(Task instructions): Would you copy the entries that follow exactly, leaving out every picture?

(Input for this task):
+++++

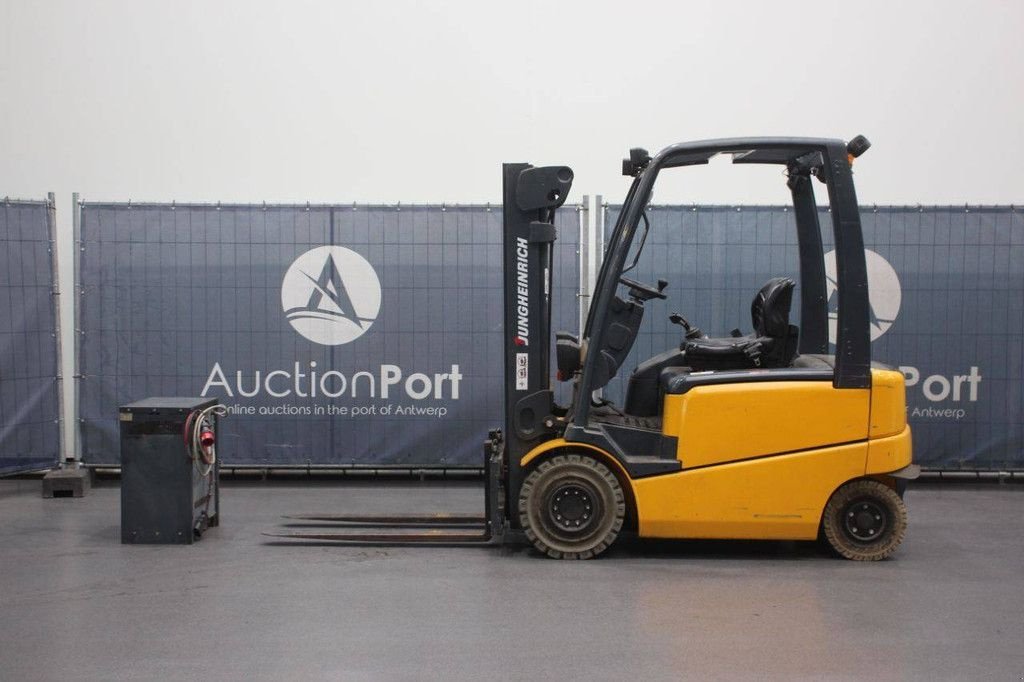 Frontstapler of the type Jungheinrich EFG-Vac 25, Gebrauchtmaschine in Antwerpen (Picture 2)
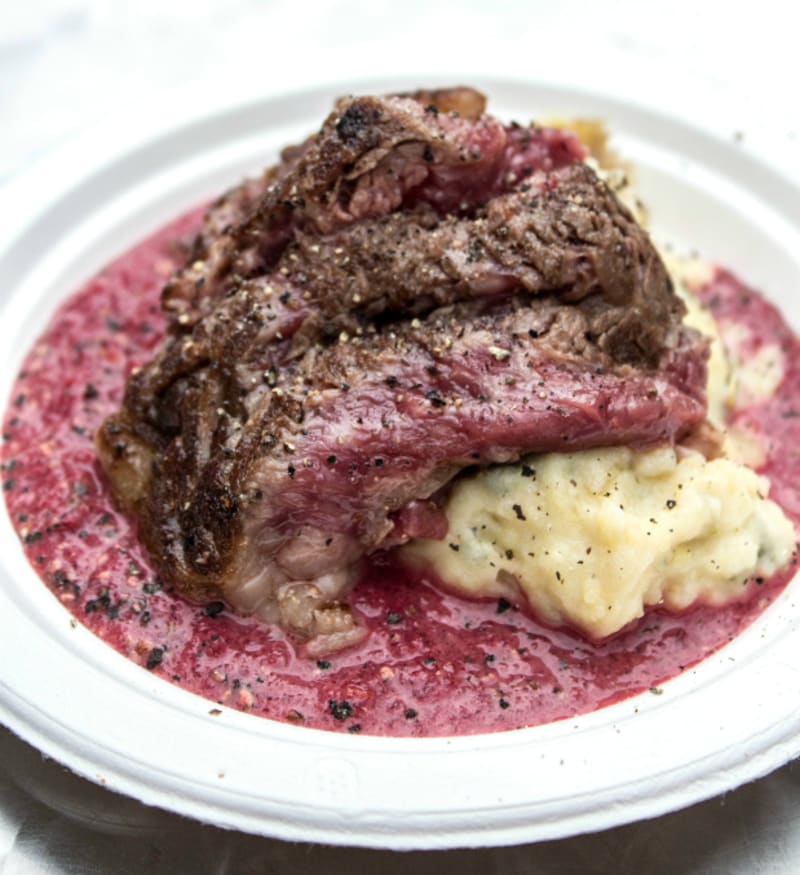 Rib Eye steak s cuketovou kaší a omáčkou z červené řepy s bazalkou z Chefparade Foodtruck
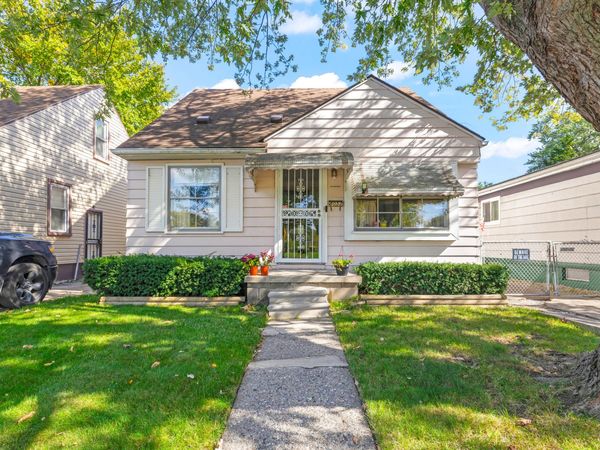 8052 Minock Street, Detroit, MI 48228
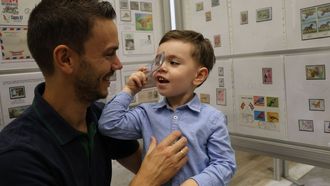 Álvaro con su padre en la sala de exposiciones del edificio de Correos, donde tiene su primera colección como filatélico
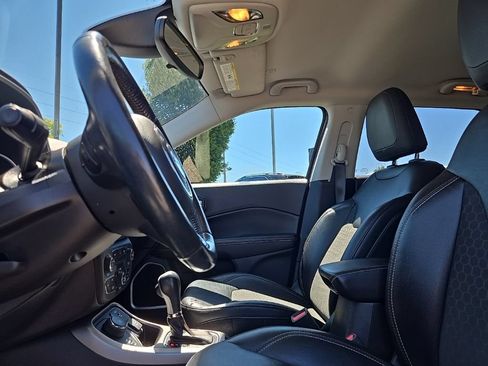 Used 2020 Jeep Compass Latitude w/ Cold Weather Group AWD/4WD image 31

+++++

(Task solution):
 Frontstapler of the type Jungheinrich EFG-Vac 25, Gebrauchtmaschine in Antwerpen (Picture 2)
 Rib Eye steak s cuketovou kaší a omáčkou z červené řepy s bazalkou z Chefparade Foodtruck
 8052 Minock Street, Detroit, MI 48228
 Álvaro con su padre en la sala de exposiciones del edificio de Correos, donde tiene su primera colección como filatélico
 Used 2020 Jeep Compass Latitude w/ Cold Weather Group AWD/4WD image 31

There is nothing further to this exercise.